8. Sprinkle 1 tablespoon of kosher salt all over the chicken. Follow with ½ teaspoon fresh-ground pepper.

9. Remove the hot iron skillet from the oven and drizzle the bottom with one tablespoon of olive oil.

10. Place the chicken, breast side up, in the skillet, and return the pan to the oven.
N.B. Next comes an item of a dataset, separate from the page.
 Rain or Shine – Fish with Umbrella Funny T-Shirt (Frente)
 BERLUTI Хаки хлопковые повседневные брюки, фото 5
Cook for 20 minutes.

11. Remove the pan from oven and flip the chicken over, so it’s breast side down. (Use a wide spatula with one hand, and hold several paper towels in the other hand to assist in the flip.) Return to oven and cook for 10 minutes.

12. Flip the chicken back over so it’s breast side up again, and finish cooking until the thickest part of the thigh reaches 175°F, and the breast reaches 160°F. This should take approximately 40 minutes in total, or about 10 minutes per pound.

13. Remove the chicken from the oven and let it rest for at least 20 minutes, uncovered, before carving.

Oven-Cooked Chicken Stock


• Bones of your roast chicken. (The more meat on the bones, the more flavor your broth will have.)

• 1 medium onion, halved. (no peeling necessary)

• 3 large carrots, roughly chopped (no peeling necessary)

• 3 celery stalks, roughly chopped

• 1 teaspoon whole black peppercorns

• Bay leaf


1. Place all chicken bones in large pot or Dutch oven with the onion, carrots, celery, peppercorns, and bay leaf. Cover with water, 1 to 2 inches above contents. (You can break apart the bones if it’s easier to fit the carcass in the pot.)

2. Bring to simmer on stovetop over medium heat.

3. Once broth reaches a simmer, place in an oven heated to 180°F. (Or 200°F if you oven doesn’t go as low as 180°). Put the lid on the pot before you place it in the oven, but place it ajar. You want steam to be able to escape during the cooking process.

4. Cook 8 to 12 hours. (It’s nearly impossible to overcook stock. So, leaving it in overnight while you sleep is fine. You don’t have to be really diligent about the time.)

5. Strain all solids out of the broth and discard. Use broth to cook rice, soups, etc.

6. Store for up to 3 days, or freeze for up to six months.